41. The applicants were working in Axis Bank, which is not even a nationalized Bank, and it is not disputed that the applicants were not holding a post where they could not be removed from service except by or with the sanction of the government. In this view of the matter the provisions of Section 197 are not attracted to the case of the applicants. The prosecution sanction order dated 02.02.2022 issued by the President and Head Corporate Affairs of Axis Bank, Mumbai, states that the allegations leveled against 20 persons, including the applicants, have been corroborated by the statements recorded under Section 161 Cr.P.C. and the documents collected during investigation of the case. After careful examination and perusal of the documents and statements of the witnesses it has been found that offences u/s 120-B read with 409, 418, 419, 420, 467, 468, 471, 477 (A) IPC and Section 13 (2) read with 13 (1) (d) of PC Act and substantive offence thereof are made out against 20 persons, including the applicants. The sanctioning authority proceeded to state that after fully and carefully examining the documents, copies of the statements of witnesses under Section 161 Cr.P.C. and other materials placed before him and having applied his mind properly in regard to the said allegations and circumstances of the case, considered that offences u/s 120-B read with 409, 418, 419, 420, 467, 468, 471, 477 (A) I.P.C. and Section 13 (2) read with 13 (1) (d) of Prevention of Corruption Act, 1998 and substantive offence thereof are made out against the applicants and other persons and therefore the authority has accorded sanction under Section 19 of Prevention of Corruption Act, 1988 for prosecution of the applicants and other persons 'for the said offences and for any other offence(s) punishable under any other provisions of law in respect of the said acts and for taking cognizance of the said offences by a court of competent jurisdiction'.

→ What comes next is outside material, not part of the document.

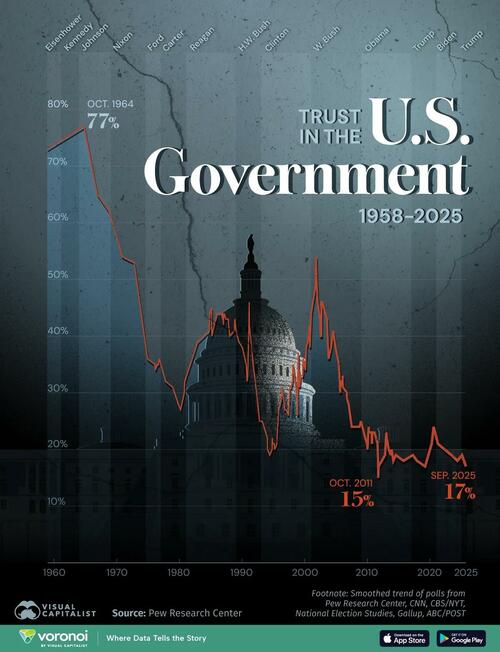 Image for the article: Trust In The US Government Has Plunged From 77% To 17%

42. The learned trial court has rejected the discharge application for the reason that sanction order is very detailed and it runs into eleven pages showing that sanction for prosecution under Section 120-B read with 409, 418, 419, 420, 467, 468, 471, 477 (A) I.P.C. and Section 13 (2) read with 13 (1) (d) of Prevention of Corruption Act, 1998 has been granted by the authority which was competent for granting sanction for prosecution of the aforesaid offences.
43. While recording the aforesaid reason, the learned trial court failed to appreciate that neither any sanction had been sought for prosecution of the applicants for the offences under Penal Code nor was the authority competent to grant sanction for prosecution of the offences under the Penal Code. The sanction of prosecution "for the said offences and for any other offence(s) punishable under any other provisions of law in respect of the said acts" for which no sanction was obtained, indicates a total non-application of mind to the facts of the case and the law applicable. It indicates that the sanctioning authority has acted as a mere rubber stamp. Non-application of mind by the sanctioning authority vitiates the sanction order dated 02.02.2023 as also the order dated 28.07.2023 passed by the trial Court rejecting the discharge application.

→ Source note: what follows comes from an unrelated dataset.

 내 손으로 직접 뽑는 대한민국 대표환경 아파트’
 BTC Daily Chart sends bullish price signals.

44. The order of sanction after a proper application of mind to the relevant facts and circumstances of the case and the material on record is a prerequisite for prosecution of a public servant, as it is intended to provide a safeguard to a public servant against frivolous and vexatious litigants. This safeguard cannot be dealt with in a casual and mechanical manner.
45. In view of the aforesaid discussions, the application under Section 482 Cr.P.C. stands allowed. The sanction order dated 02.02.2023 and the order dated 28.07.2023 passed by the learned Special Judge, C.B.I.-I, Lucknow in Sessions Case No. 341 of 2022 arising out of RC No.053202150002, under Sections 120-B read with Sections 409, 418, 419, 420, 467, 468, 471, 477 (A) I.P.C. and Section 13 (2) read with 13 (1) (d) of Prevention of Corruption Act, 1988, Police Station C.B.I. S.C.B., Lucknow, whereby their application for discharge has been rejected, are quashed and the discharge application of the applicants is allowed for the aforesaid defect in the sanction order dated 02.02.2023.